Besides, petroleum shortage has reportedly hit the capital as major top petroleum dealers shut down operations; leaving commuters stranded.
Although the former Liberian leader predicted difficult times, but recommended the way forward in curtailing such difficulties if the country must regain its status.
However, reliable sources have informed this paper that high tariffs levied on petroleum products and other basic goods by the Liberian Government remain one of the factors affecting the country.
Since the ascendancy of President George Weah, the nation continues to experience reported hardships as government workers are said to be murmuring over the delay in their salaries, the economy continues to be under stress.

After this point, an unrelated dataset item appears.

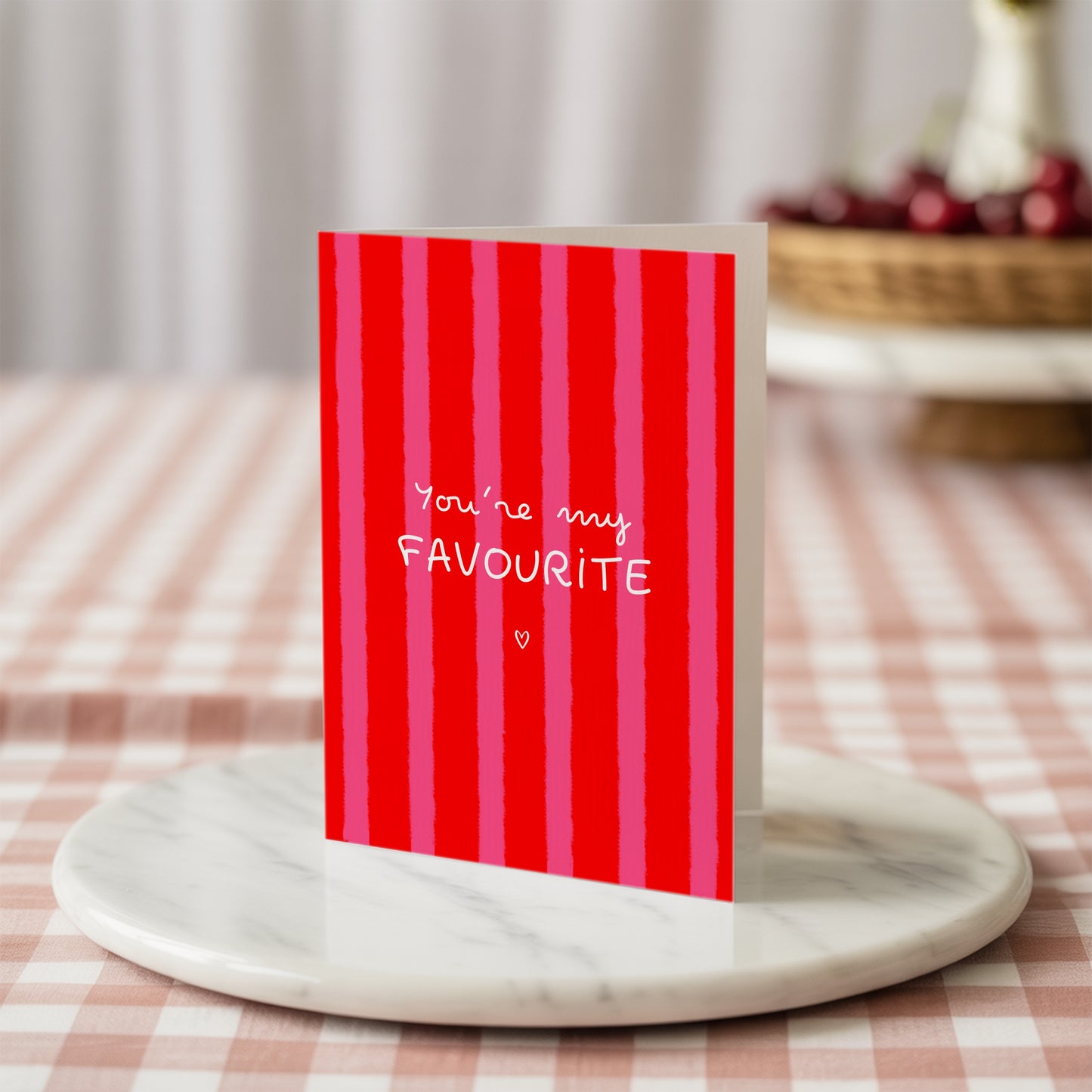 Red striped card with 'You're my Favourite' text on a marble coaster with a checkered tablecloth background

It is also alleged that many foreign businesses in the country are contemplating on leaving the country due to the difficulties they are experiencing without realizing profit. Besides, other development partners are reportedly thinking on pulling out of the country.
With all of the compounding situations in the country, the mysterious disappearance of LRD16 billion banknotes has further created more fear for businesses in the country.
Forbes Index Report 2018
It can be recalled in 2017 Liberia’s economy was showing signs of recovery with a Gross Domestic Product (GDP) growth of an estimated 2.5% compared to a deceleration of 1.6% in 2016 and zero percent growth in 2015, according to the World Bank.

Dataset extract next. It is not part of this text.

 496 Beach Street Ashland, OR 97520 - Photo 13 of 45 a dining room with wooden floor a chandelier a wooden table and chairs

It was recorded that the mining sector grew by 29% in the first quarter of 2017, while non-mining sector grew by 0.2%. But, the agriculture and service sectors showed sluggish performance as inflation averaged at 12.5% in 2017 compared to 8.5% in 2016 mainly because of the depreciating Liberia dollar.

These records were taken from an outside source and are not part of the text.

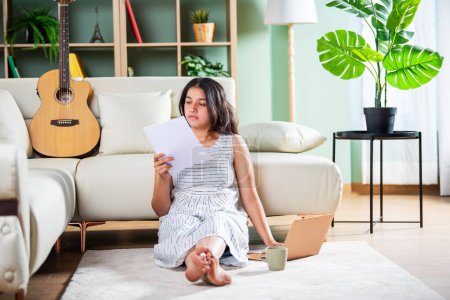 Photo for Indian songwriter girl with paper laptop and guitar at home - Royalty Free Image
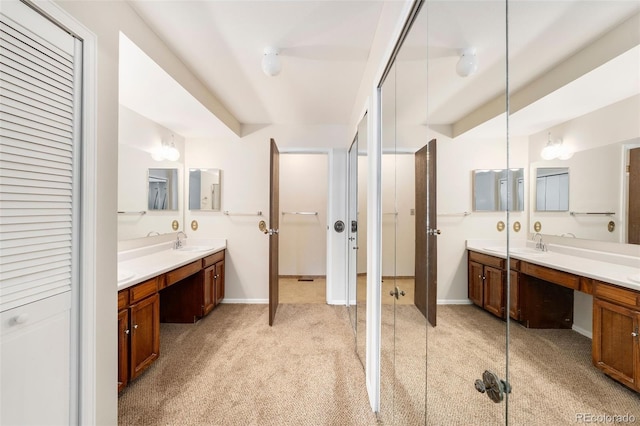 full bath featuring a closet, vanity, baseboards, and carpet floors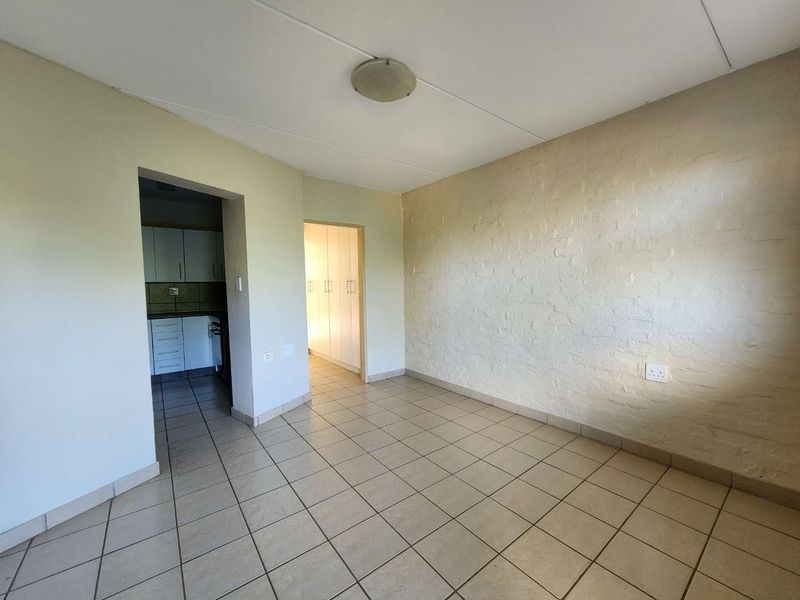 An empty living area featuring tiled floors and a textured brick feature wall, with direct access to the kitchen and bedroom hallway.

Recently, the American business magazine Forbes, which conducts studies of countries business climate ranked Liberia as the first on the list of the top 10 worst destinations for doing business.
This means the magazine is cautioning foreign investors not to venture into pouring their moneys into the country.
Liberia Gross Domestic Product (GDP) of US$2 billion is beneath DR Congo, Mauritania, Togo, Zimbabwe, Burundi, Guinea, Libya, Gambia, and Chad on the index respectively.
Weah Constitutes Business Climate Working Group
After reportedly been advised by some of the best brains in the country, President George Manneh Weah recently constituted a Business Climate Working Group with the mandate to explore evolving challenges and prospects of the Liberian business environment and work out helpful plans and strategies towards improvement.
According to the Executive mansion, the Liberian leader has also directed the Working Group to identify quick ‘low-hanging fruits’ in the business climate and deliver them in the shortest possible time.
President Weah has also requested the Working Group to submit a “Plan of Action” to his Office to enable him take appropriate actions that will address challenges within a reasonable period.
The release said “the biting decline in Liberia’s business environment over the last four years has come to the attention of the President and he finds it an exigent imperative to act as swiftly as possible to ameliorate the situation.”
What Politicians and Ordinary Liberians Say?
Political pundits who spoke on anonymity said the dwindling of the economy and investors’ fear is also the government lack of lobbying power.
Some even told this paper that it was based on this that the former Liberian Leader was predicting the difficulty that lies ahead when she spoke on January 25, 2016.
According to them, some of the Ministers, Assistant Ministers, Directors were appointed into government before travelling outside of the country and don’t even know how to lobby in the international community for investors to come to the country.